В этой суматохе я на какое-то время забыл о Рощаковском. Потом вспомнил и бросился к нему:
– Дайте я вам помогу!..
– Благодарствую, Лев Эммануилович. Я ведь моряк, нас в корпусе учили…
И действительно, когда это он успел аккуратно уложить все свои вещи в прочный заграничный туристский рюкзак, в маленький, но емкий саквояж отличной мягкой кожи!.. И он уже снял свою пижаму, переоделся во что-то прочное, элегантное, не пострадавшее от прожарок, от обысков, перехода из камеры в камеру…
Вот уже открывается дверь камеры, и мы видим кусок коридора, полный вертухаями. Только не нашими, тюремными, почти домашними, без оружия, в мягких сапогах. Эти – чужие – опоясаны портупеями, на них кобуры и сумки, у них торопливый, сухой непреклонный вид – этапный конвой… Вологодский конвой… (Нас все самые опытные арестанты предупреждали, что самый страшный, злой конвой – из вологодцев…)
– Р-р-р-разобраться по алфавиту!
– Вот мы и тут будем рядом, милейший Лев Эммануилович!.. – Рощаковский стоит рядом со мной – спокойный, невозмутимый…
Начинается долгая, долгая процедура. Арестант подходит к двери и быстро отвечает на быстрые вопросы:
– Инициалы полностью, год рождения, статья, срок?.. Потом он пропадает за дверью, куда-то по конвейеру… Наконец наша буква. Я «Ра», я раньше… Меня выносит в тюремный коридор, в сторону, где шмонают, перебрасывают, переводят, сортируют… Пока меня за рукав тянут куда-то, я уголком глаза слежу за дверью, сейчас из неё появится Рощаковский…
Но я вижу, как, придерживая руками набитые барахлом кальсоны, заменяющие ему тюремный сидор, выходит из камеры сумрачный профессор Рытов, а за ним уже виден Сахаров, Стенин… И уже около меня Гриша, и захлопывается дверь камеры, все здесь, вся наша этапная камера.
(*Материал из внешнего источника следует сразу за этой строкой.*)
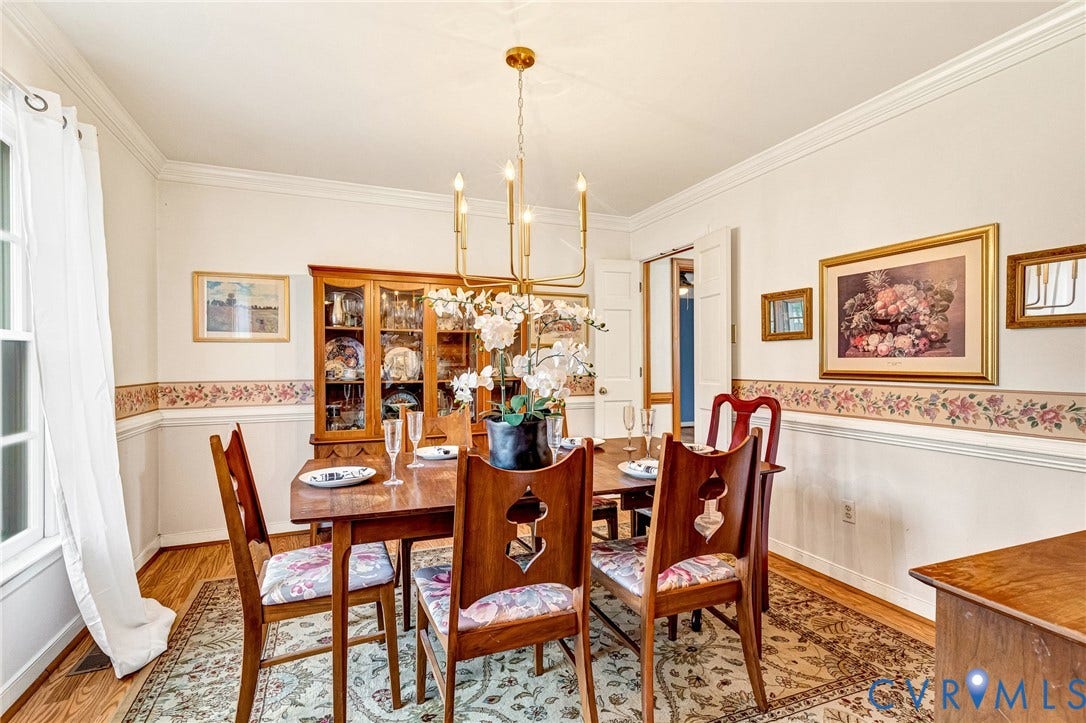 Recessed lighting with a brass chandelier, crown molding, and wood-finish flooring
Кроме Рощаковского… Его не вызвали, он остался один в этой огромной, пустой камере, наполненной жалкими, смятыми следами жизней и судеб, которые так спокойно бросал в пасть своему Молоху-государству его маленький, худенький пророк… Тогда, в суматохе этапа, этапного ожидания, этапного напряжения я быстро забыл Рощаковского. Через многие и многие годы моя память все чаще возвращалась к этому человеку, к моим спорам с ним. От этих споров у меня уже не осталось злости, желания убедить, переубедить… Были люди поумнее, и подобрее, и почеловечнее бывшего друга покойного нашего государя – и те попадались на этот же крючок – ничуть не менее страшный и зловещий, нежели все подобные крючки.